A study from the Society for Neuroscience has pinpointed a previously unidentified pathway in the brain that controls whether or not we feel hungry. Using a mouse model, the researchers demonstrated that the new hunger pathway can quickly modify food intake in the presence of food.

The satisfying feeling of being full after a meal, also known as satiety, is controlled by a sequence of events that begins when food is consumed and continues as the food enters the gastrointestinal tract and is digested. Signals are sent out to alert specific areas of the brain that are involved in the regulation of energy intake, and satiation is triggered.

Hormone signals that are released as food is absorbed, as well as fluctuations in hormones, also influence the brain’s response to food intake.

This complex system of signals that alert the brain to a feeling of fullness during food digestion has been well-established, and is known to modify food intake. The new study, however, has discovered a circuit that can alter food intake on a much shorter timescale.

Neurons in the hypothalamus. Image Credit: Andrew Rau et al., JNeurosci 2019

A team of experts at Colorado State University, including Shane Hentges and Andrew Rau, used fluorescent calcium imaging and electrophysiological recording to identify the pathway. Located in the hypothalamus, the neural circuit affects food intake and body weight through release of the neurotransmitter GABA, the main inhibitory neurotransmitter in the adult brain.

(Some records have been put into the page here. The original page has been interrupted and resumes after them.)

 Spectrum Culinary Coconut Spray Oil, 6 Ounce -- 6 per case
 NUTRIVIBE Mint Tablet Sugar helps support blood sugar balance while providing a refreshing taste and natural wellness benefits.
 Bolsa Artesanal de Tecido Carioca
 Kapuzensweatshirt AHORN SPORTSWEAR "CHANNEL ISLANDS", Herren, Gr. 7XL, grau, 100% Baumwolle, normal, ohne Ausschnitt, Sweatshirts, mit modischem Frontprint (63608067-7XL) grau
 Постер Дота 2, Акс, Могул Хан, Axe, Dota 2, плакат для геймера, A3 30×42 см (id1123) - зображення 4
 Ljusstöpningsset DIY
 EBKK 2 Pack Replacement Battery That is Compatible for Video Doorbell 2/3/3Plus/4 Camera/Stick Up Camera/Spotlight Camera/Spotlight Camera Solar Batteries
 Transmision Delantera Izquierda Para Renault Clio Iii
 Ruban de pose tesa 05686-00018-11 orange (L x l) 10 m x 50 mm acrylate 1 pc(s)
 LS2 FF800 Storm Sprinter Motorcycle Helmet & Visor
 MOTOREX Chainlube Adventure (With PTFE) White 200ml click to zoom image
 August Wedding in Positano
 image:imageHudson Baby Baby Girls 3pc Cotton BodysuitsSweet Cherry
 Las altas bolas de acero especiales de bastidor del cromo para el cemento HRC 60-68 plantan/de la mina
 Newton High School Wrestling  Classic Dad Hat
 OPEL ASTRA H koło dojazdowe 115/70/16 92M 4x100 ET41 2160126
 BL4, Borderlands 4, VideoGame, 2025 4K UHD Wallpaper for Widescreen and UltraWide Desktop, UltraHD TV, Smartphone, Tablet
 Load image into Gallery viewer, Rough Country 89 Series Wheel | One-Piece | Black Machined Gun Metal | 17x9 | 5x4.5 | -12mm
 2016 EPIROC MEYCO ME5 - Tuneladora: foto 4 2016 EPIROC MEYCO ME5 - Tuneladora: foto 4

The study revealed that GABA release can occur due simply to the detection – rather than the consumption – of food. The researchers found that food-deprived mice exhibited more GABA-related neuron activity, indicating that temporary energy states can directly affect feeding behavior.

The knowledge of this pathway improves our understanding of how the brain controls energy balance, and the neural connection may ultimately become a target for the treatment of eating disorders.

The study is published in the Journal of Neuroscience.